» INFORMATION GIVEN
# # #

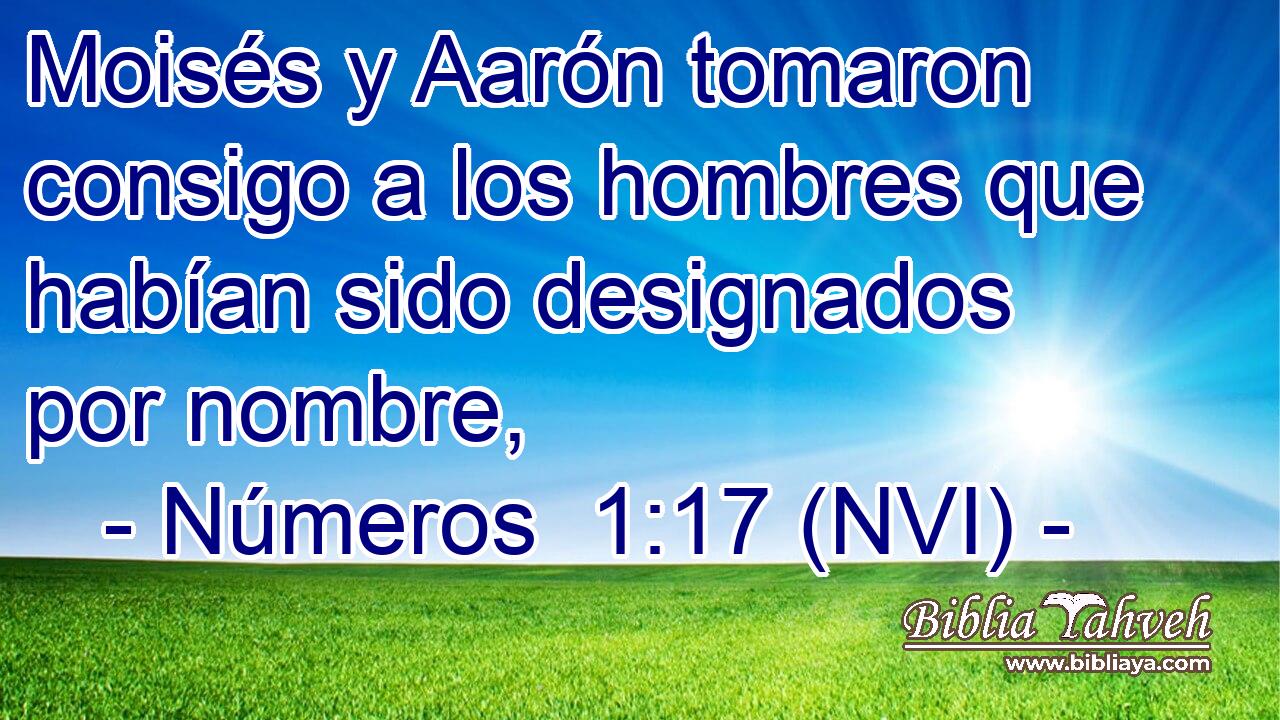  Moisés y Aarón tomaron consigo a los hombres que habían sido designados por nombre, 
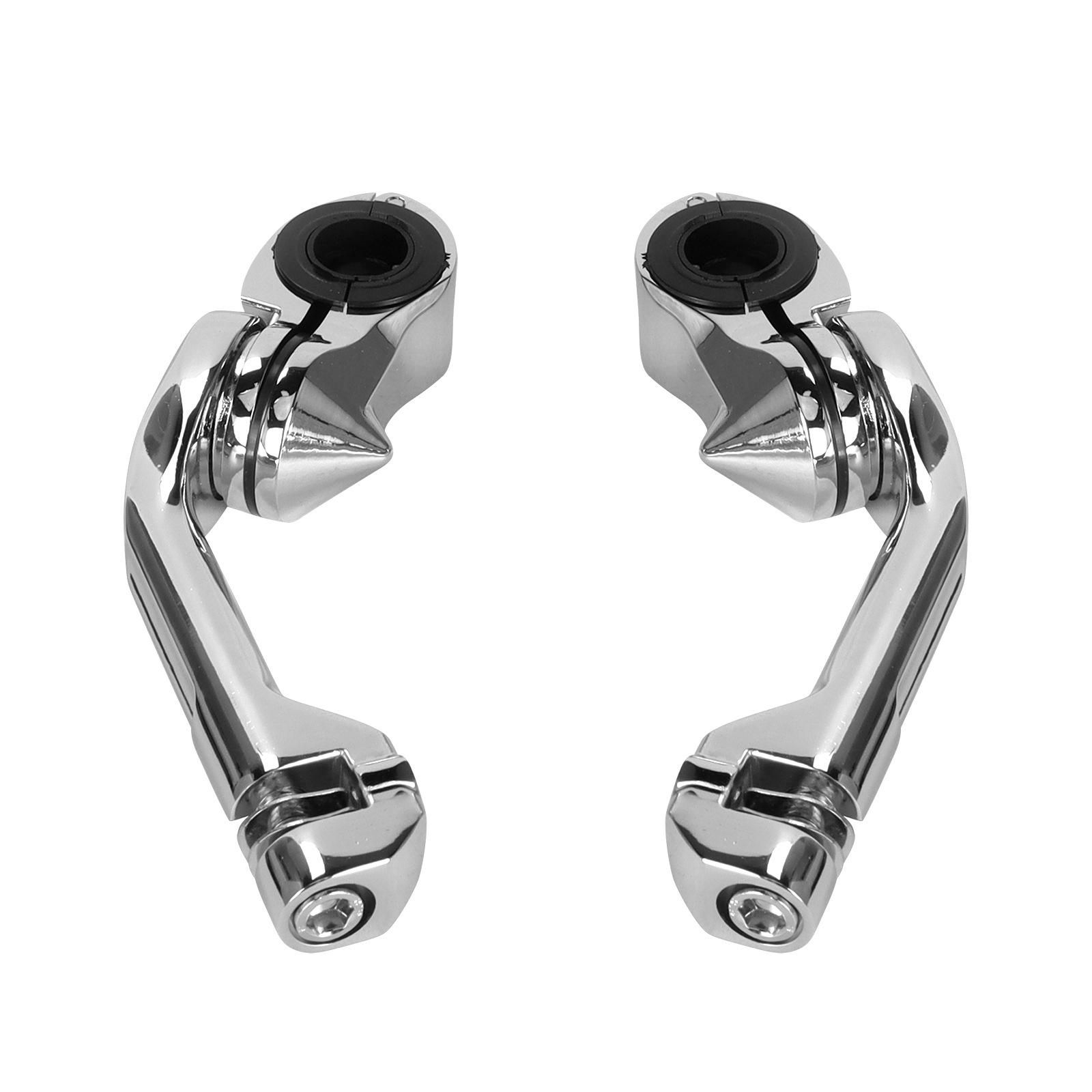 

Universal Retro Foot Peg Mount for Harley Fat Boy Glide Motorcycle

# # #

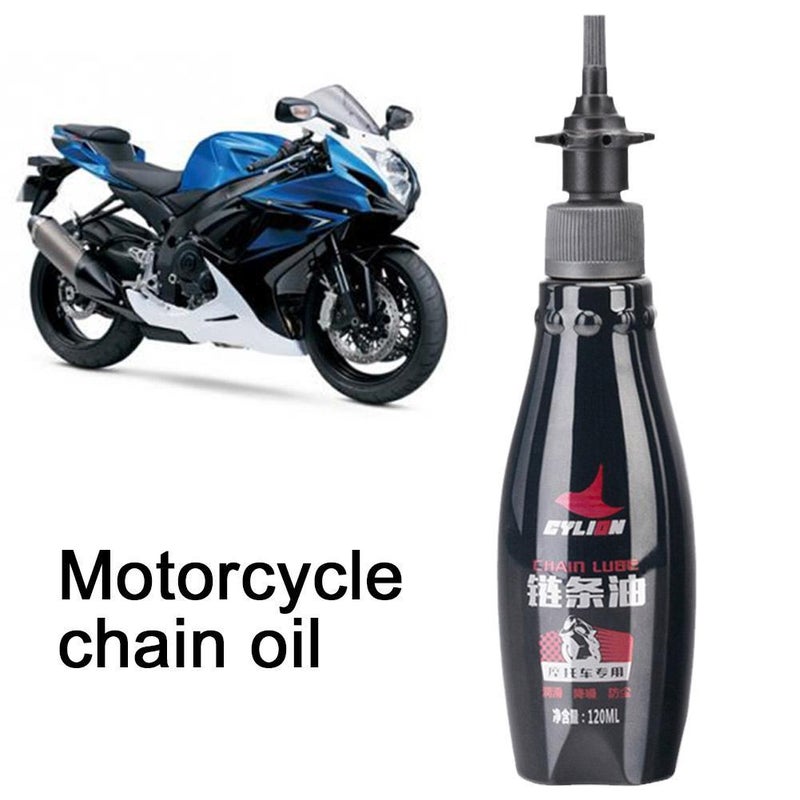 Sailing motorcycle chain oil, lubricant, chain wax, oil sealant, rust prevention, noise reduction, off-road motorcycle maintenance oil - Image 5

# # #

Using the material above, reproduce only the lines that run from the line with "Moisés y Aarón" up to and including the line with "Universal Retro Foot", exactly, with the pictures dropped.

» RESPONSE
  Moisés y Aarón tomaron consigo a los hombres que habían sido designados por nombre, 

Universal Retro Foot Peg Mount for Harley Fat Boy Glide Motorcycle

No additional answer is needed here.